Though there had been some thought that Ponikarovsky had injured a knee during practice on Monday, Leafs senior vice-president of hockey operations David Nonis said Ponikarovsky was not hurt and was a healthy scratch.

“We’re protecting our asset,” Nonis said. “There is nothing done at this point, but you don’t want a situation where he gets hurt and you are out of options.

“If we get a deal that makes sense for any of our players, we would do it, but at this point we don’t have that. We do not have a completed deal for Pony or any of our players.”
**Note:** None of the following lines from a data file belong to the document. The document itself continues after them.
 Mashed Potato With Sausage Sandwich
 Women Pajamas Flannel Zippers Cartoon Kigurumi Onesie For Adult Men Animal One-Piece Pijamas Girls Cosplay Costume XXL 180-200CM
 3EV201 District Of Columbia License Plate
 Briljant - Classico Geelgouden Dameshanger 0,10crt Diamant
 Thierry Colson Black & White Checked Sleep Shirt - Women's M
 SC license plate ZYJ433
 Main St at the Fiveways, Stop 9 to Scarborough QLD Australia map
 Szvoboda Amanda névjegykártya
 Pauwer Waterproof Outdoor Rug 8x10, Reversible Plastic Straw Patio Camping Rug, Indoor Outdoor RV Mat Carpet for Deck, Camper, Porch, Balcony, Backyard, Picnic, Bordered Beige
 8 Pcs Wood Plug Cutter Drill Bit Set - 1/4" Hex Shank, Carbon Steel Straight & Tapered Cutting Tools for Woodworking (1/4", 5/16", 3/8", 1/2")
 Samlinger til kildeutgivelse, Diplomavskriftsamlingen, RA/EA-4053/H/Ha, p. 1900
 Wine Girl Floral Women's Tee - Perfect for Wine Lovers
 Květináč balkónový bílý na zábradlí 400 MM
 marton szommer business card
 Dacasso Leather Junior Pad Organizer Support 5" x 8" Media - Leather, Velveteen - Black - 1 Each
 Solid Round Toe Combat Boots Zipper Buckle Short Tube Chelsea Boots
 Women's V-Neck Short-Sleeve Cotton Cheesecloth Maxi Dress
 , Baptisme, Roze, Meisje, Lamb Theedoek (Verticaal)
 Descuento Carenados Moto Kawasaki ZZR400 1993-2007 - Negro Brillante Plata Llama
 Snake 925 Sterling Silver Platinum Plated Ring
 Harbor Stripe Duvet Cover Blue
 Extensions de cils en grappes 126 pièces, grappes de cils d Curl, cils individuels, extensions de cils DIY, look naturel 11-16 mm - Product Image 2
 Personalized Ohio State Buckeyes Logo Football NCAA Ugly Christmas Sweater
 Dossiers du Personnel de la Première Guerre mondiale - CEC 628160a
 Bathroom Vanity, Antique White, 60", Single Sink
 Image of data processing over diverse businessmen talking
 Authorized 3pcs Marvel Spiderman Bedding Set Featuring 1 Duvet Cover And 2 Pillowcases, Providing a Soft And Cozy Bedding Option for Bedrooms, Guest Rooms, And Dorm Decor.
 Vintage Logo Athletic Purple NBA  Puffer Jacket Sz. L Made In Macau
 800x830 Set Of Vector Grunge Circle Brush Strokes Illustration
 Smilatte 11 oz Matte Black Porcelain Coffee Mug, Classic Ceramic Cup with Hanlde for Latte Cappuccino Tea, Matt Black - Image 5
Ponikarovsky, who had several cups of coffee with Toronto before he became a full-time regular in the 2003-04, has 19 goals and 22 assists in 61 games and is a nice pickup for the Penguins, the defending Stanley Cup champions. The 29-year-old is destined for free agency this summer.

As of Tuesday night, the Leafs had not asked Kaberle to waive his no-trade clause, but Burke was taking the temperature of interest around the NHL.

Wayne Primeau, in a fourth-line role, and Lee Stempniak, also could have new homes before the NHL trade deadline hits at 3 p.m. on Wednesday afternoon. The Buffalo Sabres might be a destination for Stempniak, a native of West Seneca, N.Y.

Garnet Exelby has made his interest in a possible trade known, and if Burke could get even a low draft pick for Jeff Finger, the latter would be gone.

There was a report out of Chicago that the Leafs were interested in Blackhawks goaltender Cristobal Huet, but it was not clear where that interest would be rooted. However, if Jean-Sebastien Giguere continues to play as poorly as he did on Tuesday against Carolina, perhaps goaltending is more of a pressing need than originally thought.

Ponikarovsky has been asked about the possibility of being traded for weeks and said earlier on Tuesday that he would accept his fate.

“Things are happening and if management has decided I’ll be going somewhere, you have to respect that,” Ponikarovsky said. “It’s always like this when you get close to trade deadline, but I can’t say I am getting anxious. It’s part of the job.”

If Burke manages to trade some of the others for picks and/or prospects, the Leafs are going to be an awfully ugly club to watch for the remainder of the 2009-10 season. After Phil Kessel, Phaneuf and Kaberle, there is not a lot, and Burke will have no choice but to make significant changes this summer.